As summer progresses onto autumn, terrestrial insects and the autumn emergences of mayfly and caddis become very important to the trout that are building condition prior to the rigors of spawning. These emergences, whilst more sedate and leisurely than the spring hatches, see the greatest range of fish of all sizes feeding from the surface and the cooler more settled weather suits lighter weight rods and finer tippets. This can be the most rewarding fishing of the year with clear water, the fish in close, the whole process visible to the angler and if you are not careful, the fish.

February to late April also can see Jassids on the water during warm afternoons along with ants and other terrestrial insects which can continue the rise until darkness and beyond despite falling evening temperatures. Patterns for this rise should sit in the surface film and may require a little twitch to get the trout’s attention in the darkness and falling temperatures.

Patterns

Trout are not as fussy as some tackle shops and fly designers would have you believe. It ain’t what you fish, it’s the way that you fish it!

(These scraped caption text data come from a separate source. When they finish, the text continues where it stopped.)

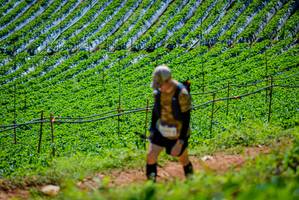 BIB: 
                            <button type="button" onclick="openModal(19164614)" class="btn btn-primary btn-sm float-right btn-popup" data-toggle="modal" data-target=".modal-high-quality">
                        <i class="fas fa-shopping-cart"></i> Add to Cart
                    </button>
                                            <button type="button" onclick="isThisMe(19164614, true)" class="btn btn-success btn-sm float-right btn-popup btn-isme hidden" data-toggle="tooltip" data-placement="bottom" title="นี่คือรูปของคุณใช่ไหม คลิกที่นี่เพื่อเอาเข้าอัลบั้ม">
                        <i class="fas fa-plus"></i> Add to album
                    </button>
                    <button type="button" onclick="isThisMe(19164614, false)" class="btn btn-warning btn-sm float-right btn-popup btn-isnotme hidden">
                        <i class="fas fa-ban"></i> Remove from album
                    </button>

The whole season at Currawong Lakes can be as simple or complex as you wish to make it, suiting the hatch matcher and the impressionist angler alike thanks to the diversity of insect life in what is a private fishery managed as a wild fishery. You can however use the following list as a guide:

Wet flies
Fur fly, Pot scrubber Nymph, Woolly Worm, Woolly Bugger, Muddlers in natural and black deer hair. Nymphs: brown, green and black.
Dry flies
Red & Black Spinners, Blue Damsel, Red Tag, Midges, Gum beetle, Highland dun.

The above should range from size 6-12 for wet flies, sizes 10-18 for nymphs, 10–18 for dry flies and the mayflies around size 10-12.